▸ Information given
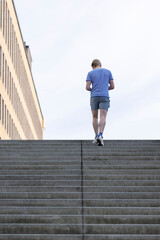 Young man climbing stairs. Line pattern. Street photography. Minimalism. - 676717518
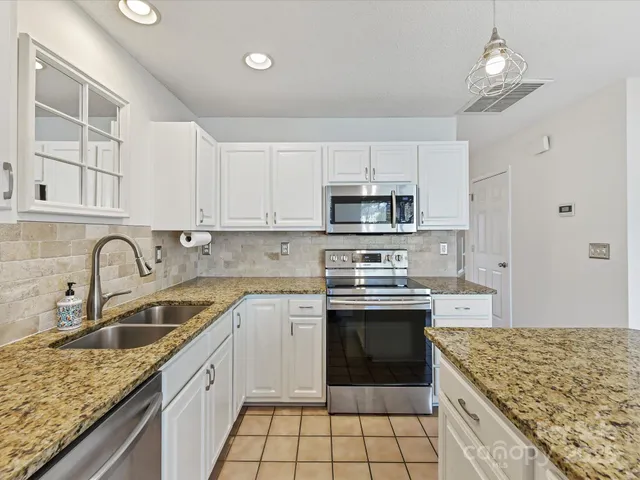 a kitchen with kitchen island granite countertop a sink stove top oven and cabinets
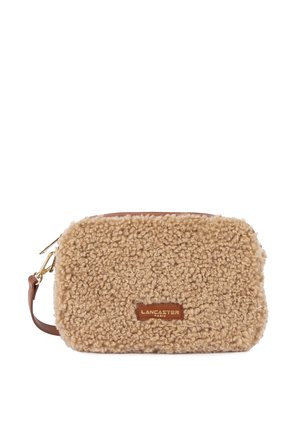 Borsetta in shearling marrone con superficie fuzzy beige, dotata di un accento in pelle e chiusura con zip dorata. Logo "LANCASTER" visibile.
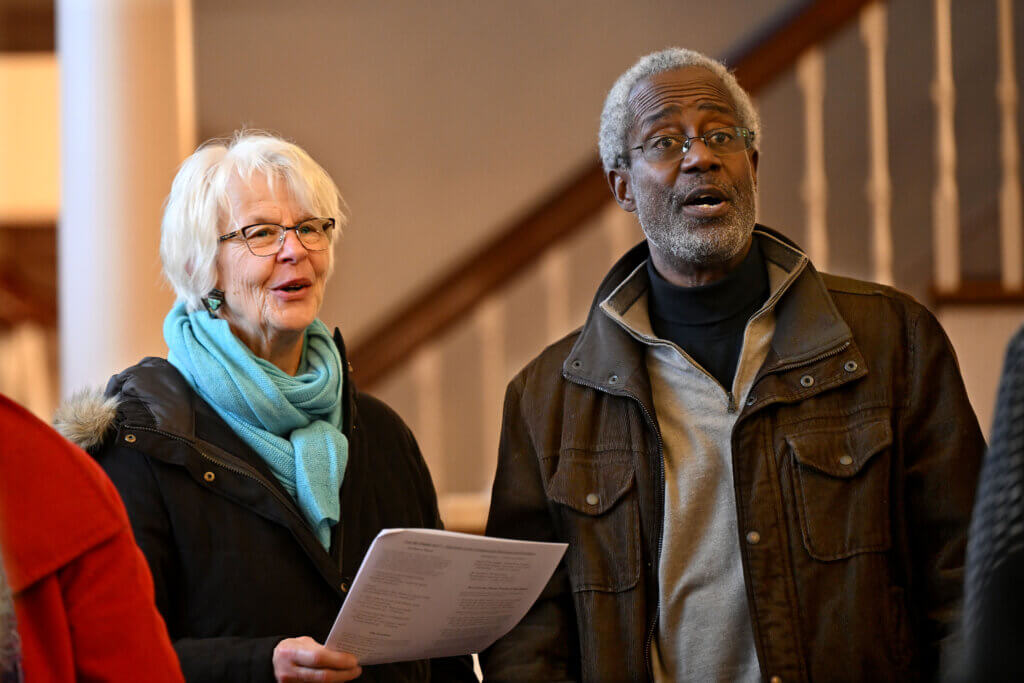 Michael Williams and his wife Clary Bestor-Williams of Acton sing “This Little Light of Mine” during the Acton-based Music Makes Me Happy Chorus’ Martin Luther King Day concert “Let My People Go” at Trinitarian Congregational Church on Monday, January 20, 2025.  The concert was the last of four  MLK Day events that  Michael Williams participated in or attended Monday.  Ken McGagh/The Acton Bridge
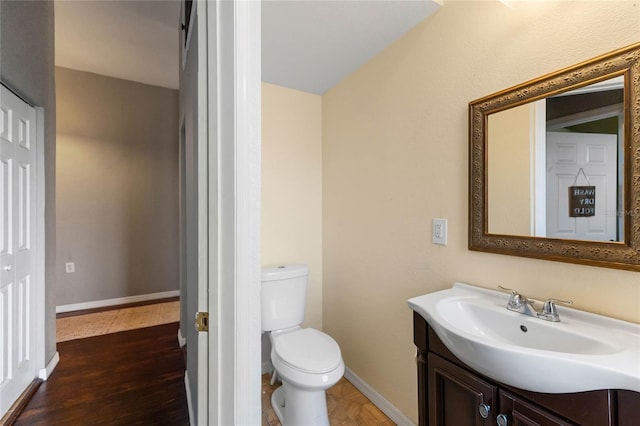 bathroom with toilet, baseboards, wood finished floors, and vanity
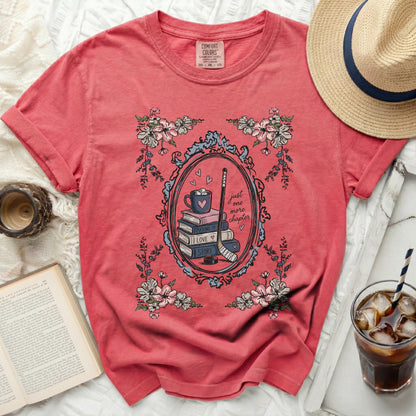 Coral t-shirt with oval frame of flowers and hockey gear, text "just one more chapter"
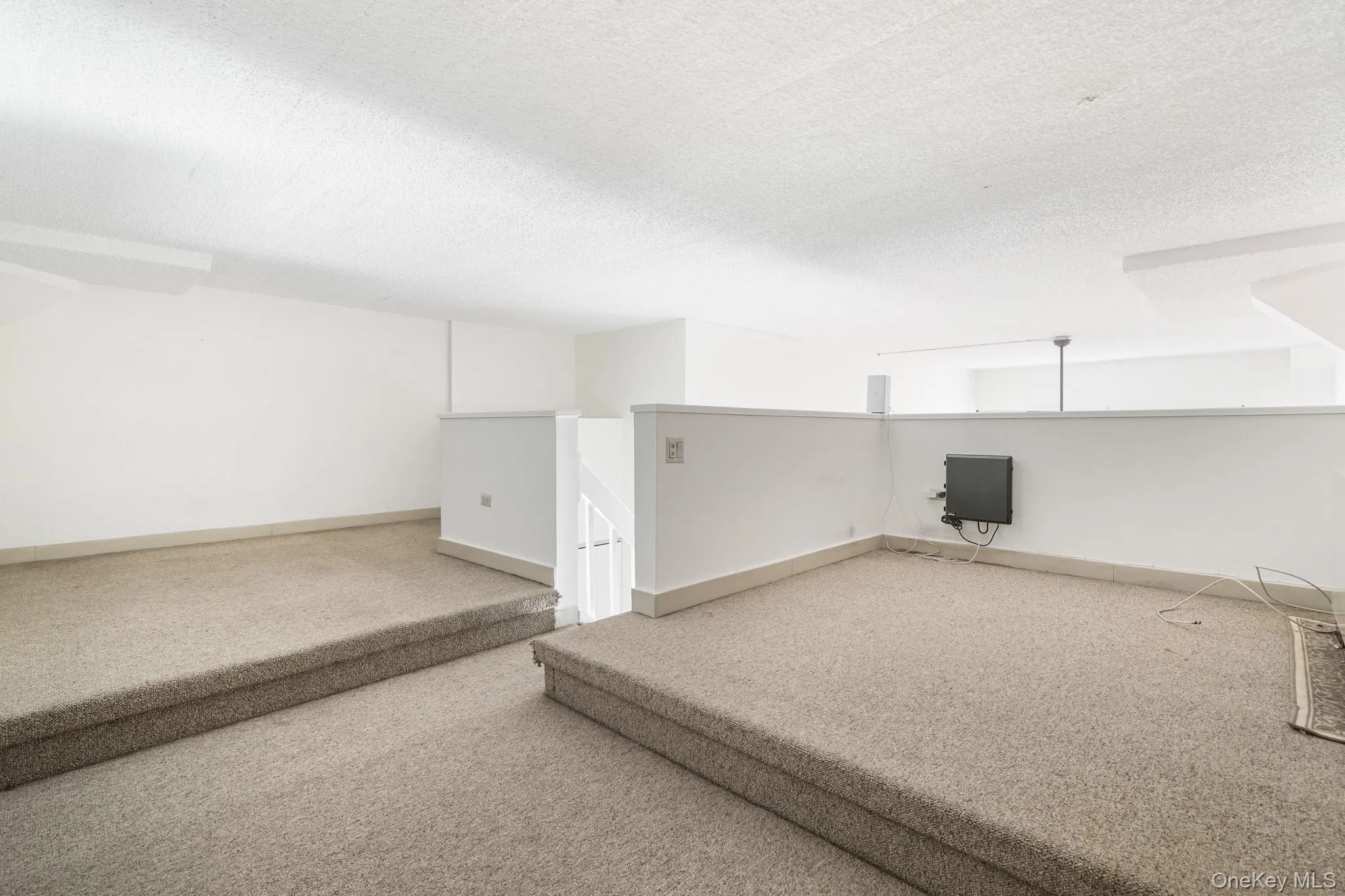 Below grade area featuring carpet flooring and a textured ceiling Below grade area featuring carpet flooring and a textured ceiling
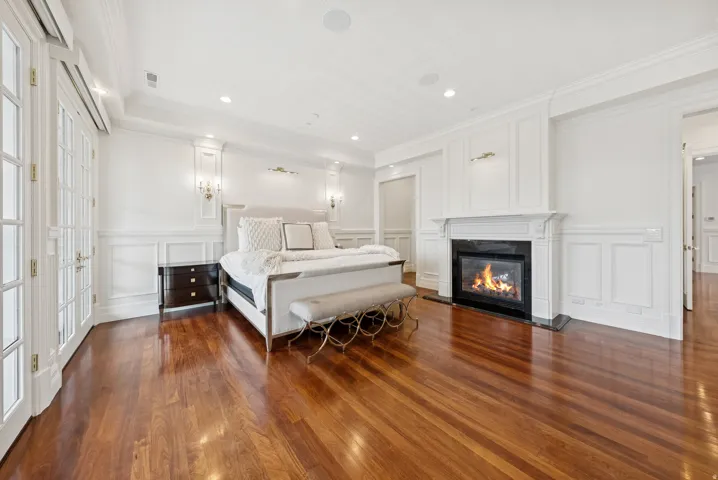 Spacious room featuring rich wood-finish flooring, white paneling, and a classic fireplace with a black surround
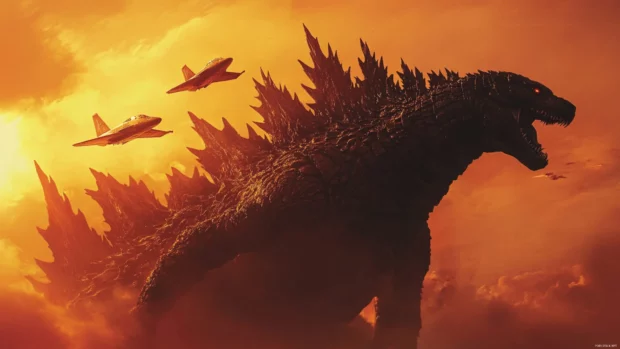 Fighter jets weave around Godzilla in a vivid orange dusk.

▸ The task
Return the lines exactly as they stand, from the start of the entries through the line holding "Borsetta in shearling"; omit the pictures.

▸ Output for this exercise
 Young man climbing stairs. Line pattern. Street photography. Minimalism. - 676717518
 a kitchen with kitchen island granite countertop a sink stove top oven and cabinets
 Borsetta in shearling marrone con superficie fuzzy beige, dotata di un accento in pelle e chiusura con zip dorata. Logo "LANCASTER" visibile.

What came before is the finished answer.